Retype the line in which "Portrait of the teenager boy in outdoors" appears, then every line after it until the records end. Leave out the pictures.

[Provided records — start]

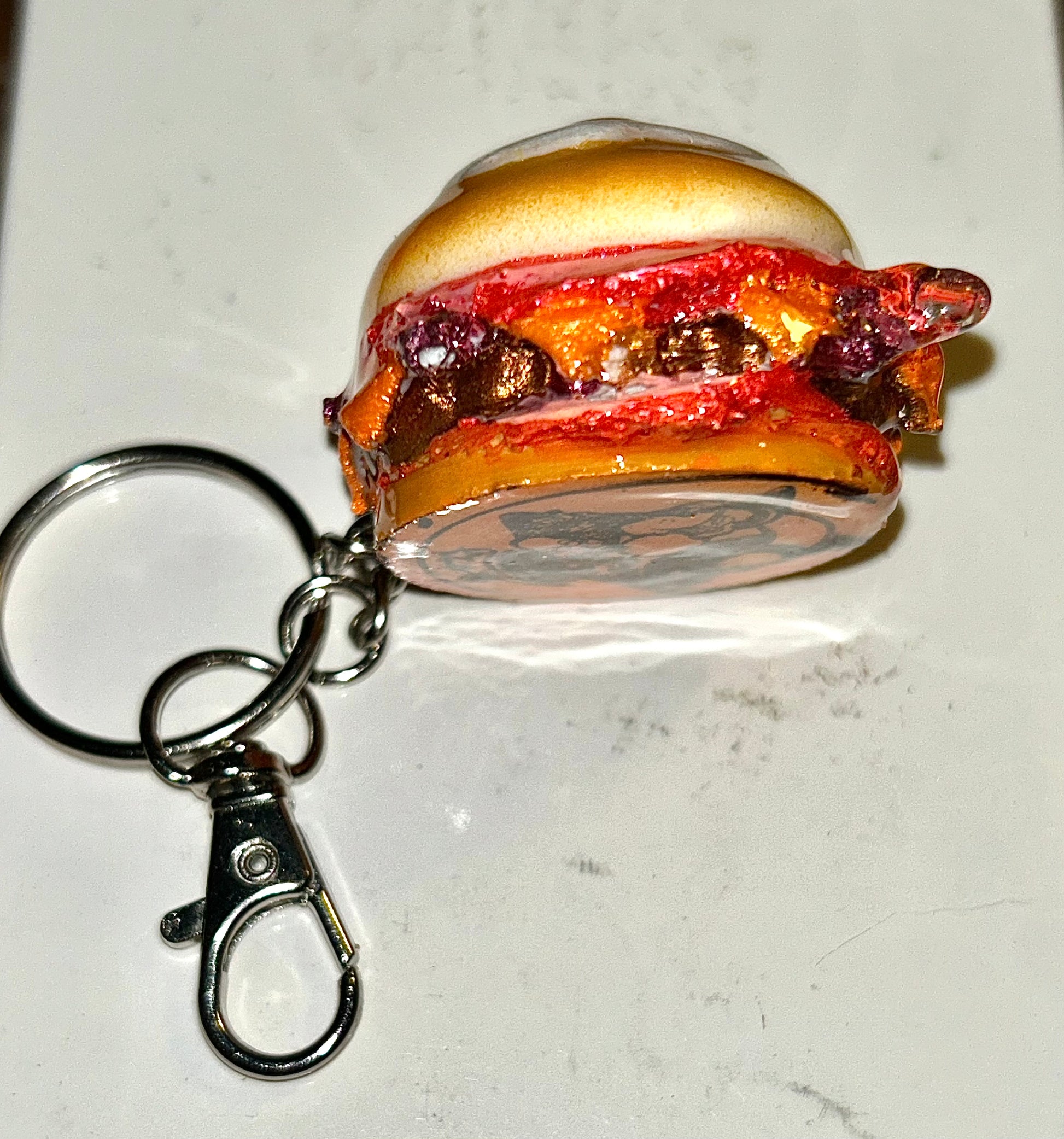 Keychain shaped like a breakfast burger with a bun, meat, and egg on a white background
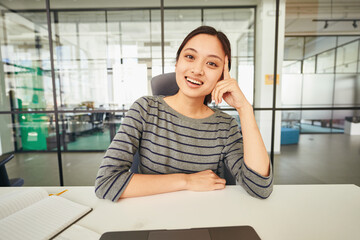 Friendly woman at her desk with notebook and computer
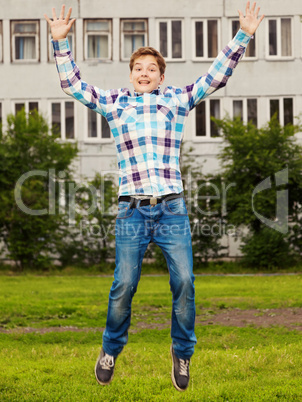 Portrait of the teenager boy in outdoors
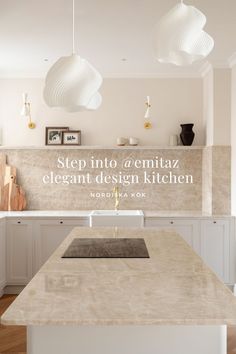 a kitchen with white cabinets and an island countertop in the center is surrounded by hanging lights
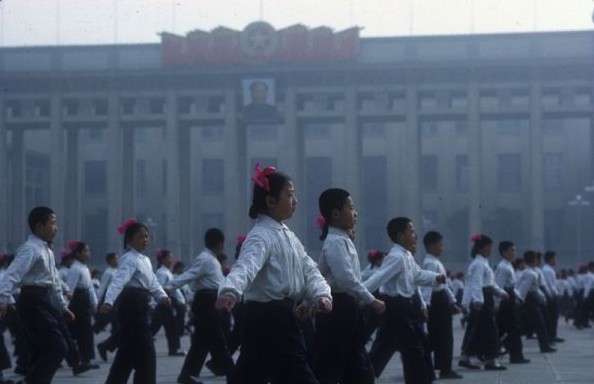 School students parade at Tiananmen Square.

[Provided records — finish]

• _Result of this task_
 Portrait of the teenager boy in outdoors
 a kitchen with white cabinets and an island countertop in the center is surrounded by hanging lights
 School students parade at Tiananmen Square.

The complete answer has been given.